MARIETTA - Nearly a year after being mailed two packages containing the illegal drug known as bath salts, a New Matamoras man was sentenced to 34 months in prison Monday.
Todd W. Grether, 35, of 408 Cougler St., expressed remorse and asked for an intermittent jail sentence at his Monday sentencing on one fourth-degree felony count of trafficking in drugs and one fourth-degree felony count of theft, which involved taking money from a friend.
"I would like to just do weekends, so I can work," said Grether.
Photo by Jasmine Rogers
Todd Grether, right, listens as he was sentenced to 34 months in prison Monday. Grether pleaded guilty in April to two fourth-degree felonies, one for theft and one for trafficking in drugs.
Grether operates a contracting business. He said he is in the middle of a roofing project that would allow him to pay the restitution he still owes on the theft case. His attorney, Shawna Landaker, asked for community control sanctions. Neither request was granted by the judge.
Pointing to Grether's pre-sentencing investigation report, which he said was incomplete and riddled with errors, prosecuting attorney Kevin Rings asked for a 24-month prison term.
The report said that Grether had no prior felonies. However, Grether was convicted of trafficking in drugs in 1998 and served a prison term, said Rings.
Washington County Common Pleas Court Judge Ed Lane asked Grether why he was not forthcoming about the felony charge during the pre-sentencing interview.
"Somebody said if it happened more than seven years ago, you didn't have to say it," Grether responded.
Lane said he was also disturbed that Grether had made no attempt to pay restitution to the senior citizen from whom he stole.
"Isn't that why we delayed sentencing?" Lane asked Grether.
Grether's sentencing was initially scheduled for May, but Lane granted a continuance so Grether could work through the summer and earn money to pay back the victim.
The victim, Bill Ruggieri, made a statement to the court saying he was a longtime friend of Grether, but did not recognize the man he had become.
"This is not the Todd Grether that I know or the Todd Grether that I allowed into my home," said Ruggieri.
Ruggieri had loaned Grether around $4,000 to purchase a piece of equipment for his contracting business. Grether did not spend the money on the equipment, nor did he pay the money back, said attorney Jim Schneider, who was not present at the sentencing.

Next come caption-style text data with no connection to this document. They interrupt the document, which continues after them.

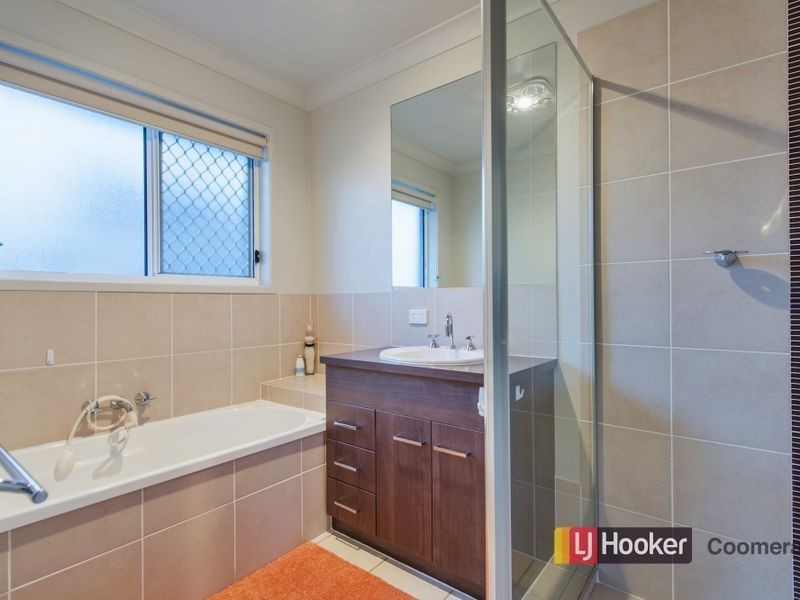 38 Bahkeeta Street, Oxenford QLD 4210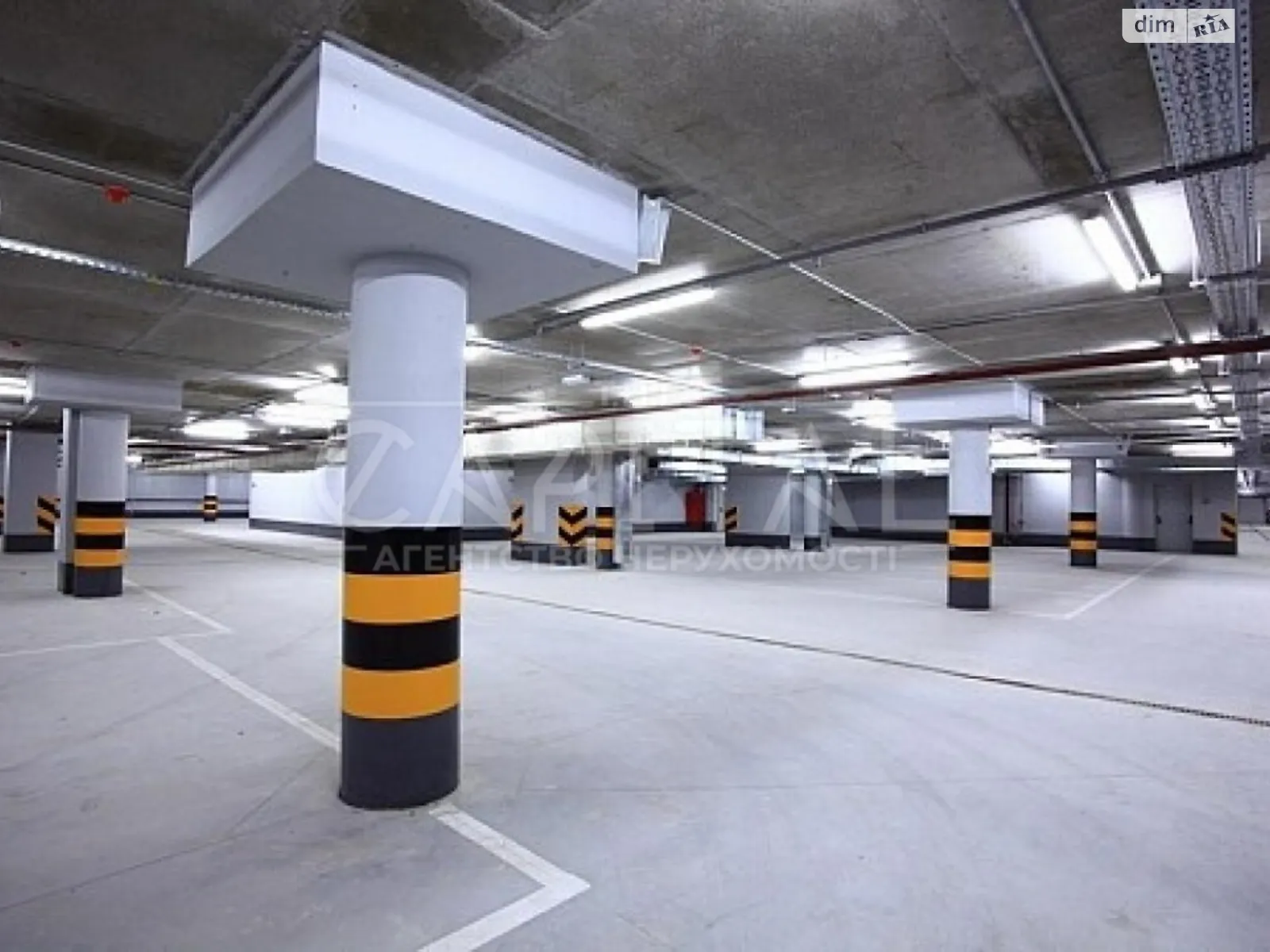 Продается подземный паркинг под легковое авто на 19 кв. м, цена: 30000 $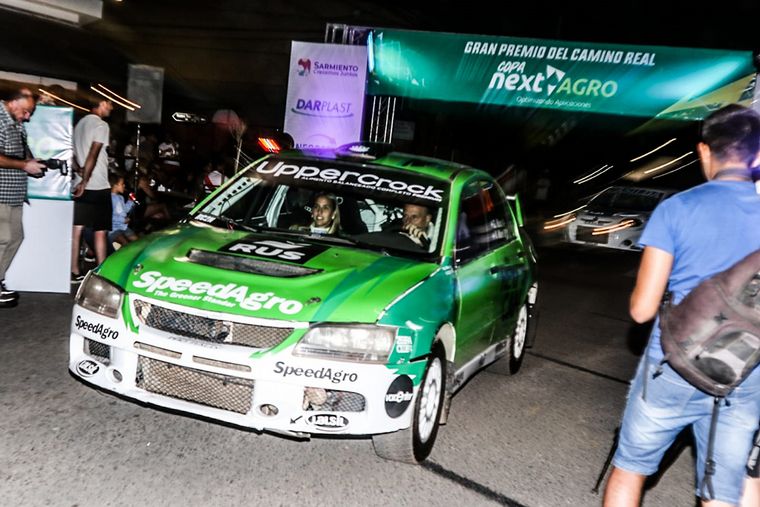 FOTO: El uruguayo Martín Cánepa (P.208) a la busqueda del título en Maxi Rally.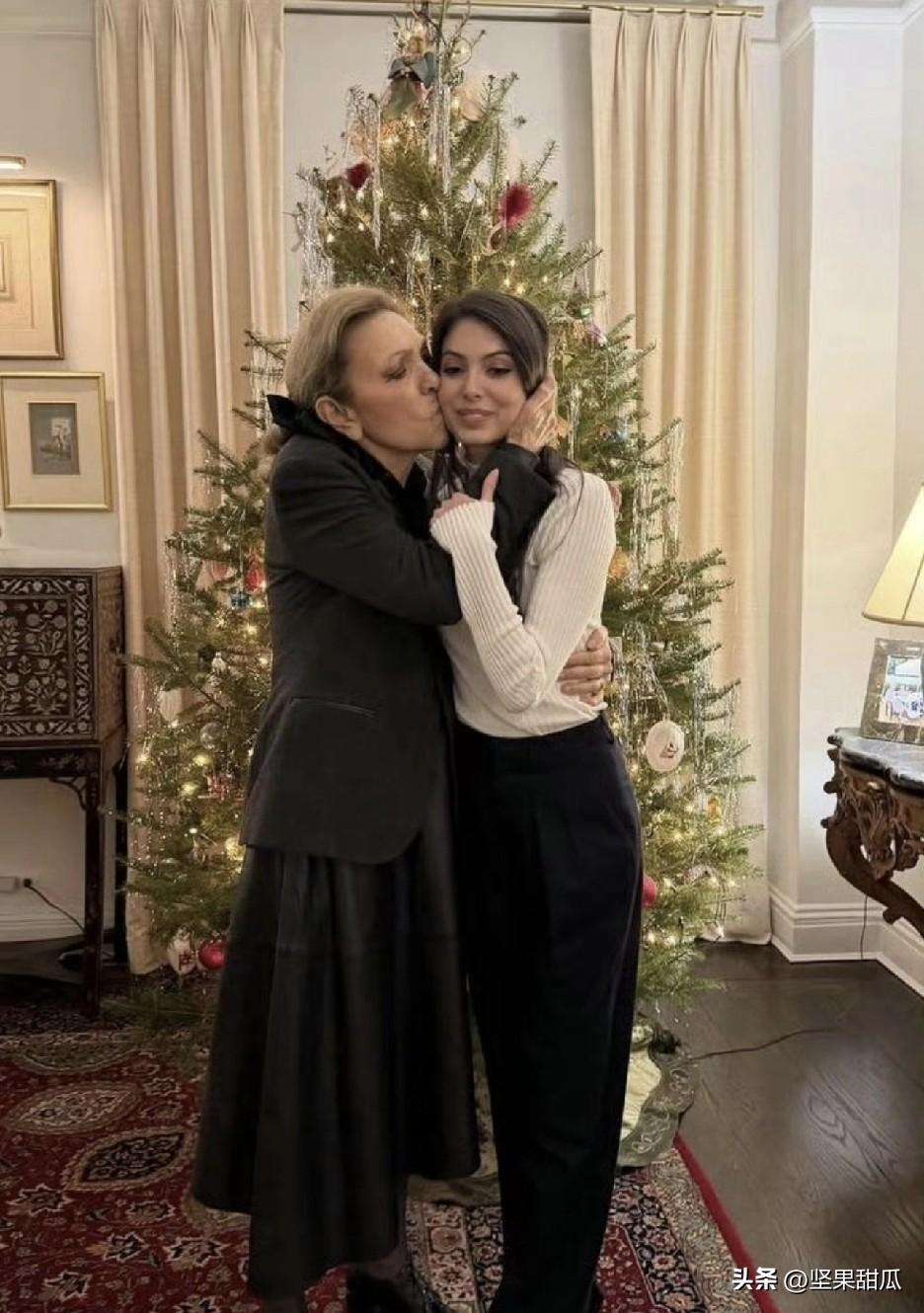 巴列维王朝的87岁的前皇后和她的孙女，这几天高兴坏了。一身珠光宝气，逃跑几十年，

Ruggieri asked the court to consider a strict sentence that would keep Grether from doing further harm and help him receive the help he needs.
Though Grether said he has been clean since his arrest, Landaker said he was at once point addicted to bath salts and was selling them to fund his own habit.
In November, inspectors for the U.S. Postal Service intercepted the packages of bath salts addressed to Grether and contacted officers with the Major Crimes Task Force. Grether was arrested by task force agents while leaving the post office in New Matamoras after having paid $245 to pick up one of the packages.
At the time of arrest, Grether admitted knowing the contents of the packages but claimed he thought they were legal.
"He was doing it before it was illegal and kept on doing it," said Landaker.
Bath salts were banned in Marietta in July 2011 and across the state of Ohio three months later.
Lane sentenced Grether to 17 months in prison on each count, 10 months more than requested by Rings.